Katma Değer Vergisi Uygulaması:
Bilindiği üzere Katma Değer Vergisi (KDV) Kanunu’nun 10/a maddesinde, mal teslimi ve hizmet ifası hallerinde, malın teslimi veya hizmetin yapılması ile; 10/b maddesinde ise malın tesliminden veya hizmetin yapılmasından önce fatura veya benzeri belgeler verilmesi hallerinde, bu belgelerde gösterilen miktarla sınırlı olmak üzere fatura veya benzeri belgelerin düzenlenmesi ile vergiyi doğuran olayın meydana geldiği; 24/c maddesinde vade farkı, fiyat farkı, prim gibi çeşitli gelirler ile servis ve benzer adlar altında sağlanan her türlü menfaat, hizmet ve değerlerin matraha dahil olduğu; 26. maddesinde ise, bedelin döviz ile hesaplanması halinde, dövizin vergiyi doğuran olayın meydana geldiği andaki cari kur üzerinden Türk parasına çevrileceği hükme bağlanmıştır.
Yukarıda da ifade edildiği üzere taahhüde dayanan işlerde vergiyi doğuran olay, düzenlenen hakediş raporlarının ihale makamınca onaylandığı anda meydana gelmekte olup, bedelin döviz cinsinden belirlenmesi halinde işleme ait faturanın, döviz bedeli Türk Lirasına çevrilmek suretiyle bulunacak tutar üzerinden KDV hesaplanarak düzenlenmesi; döviz tutarının Türk Lirasına çevrilmesinde ise söz konusu hakediş raporlarının ihale makamınca onaylandığı tarihteki Merkez Bankası döviz alış kurunun esas alınması gerekmektedir.
105 Seri No.lu KDV Genel Tebliğinin "2.Kur Farkları" başlıklı bölümünde;
"Bedelin döviz cinsinden veya dövize endekslenerek ifade edildiği işlemlerde, bedelin kısmen veya tamamen vergiyi doğuran olayın vuku bulduğu tarihten sonra ödenmesi halinde, satıcı lehine ortaya çıkan kur farkı esas itibariyle vade farkı mahiyetinde olduğundan, matrahın bir unsuru olarak vergilendirilmesi gerekmektedir.

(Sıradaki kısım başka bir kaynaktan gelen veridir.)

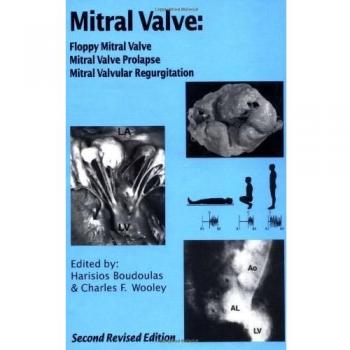 Mitral Valve: Floppy Mitral Valve, Mitral Valve Prolapse, Mitral Valvular Regurgitation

Buna göre, teslim veya hizmetin yapıldığı tarih ile bedelin tahsil edildiği tarih arasında ortaya çıkan lehte kur farkı için satıcı tarafından fatura düzenlenmek ve faturada gösterilen kur farkına, teslim veya hizmetin yapıldığı tarihte bu işlemler için geçerli oran uygulanmak suretiyle KDV hesaplanacaktır.
..."
açıklamalarına yer verilmiştir.
Buna göre, hizmet bedelinin döviz cinsinden belirlenip, ödemenin vergiyi doğuran olayın meydana geldiği tarihten sonra yapılması halinde ödeme tarihi ile vergiyi doğuran olayın meydana geldiği tarih arasında ortaya çıkan vade farkı mahiyetindeki kur farkları katma değer vergisine tabi bulunmaktadır. Bu durumda, kur farkının KDV dahil işlem bedeli üzerinden hesaplanması halinde kur farkı tutarı üzerinden iç yüzde yoluyla, kur farkının KDV hariç bedel üzerinden hesaplanması halinde ise kur farkı tutarı üzerinden ayrıca KDV hesaplanıp beyan edilecektir.
 
Saygılarımızla,
 
Erdal SÖNMEZ   &   Bülent ERSAN
SİNERJİ Denetim Danışmanlık
ve Yeminli Mali Müşavirlik Ltd. Şti.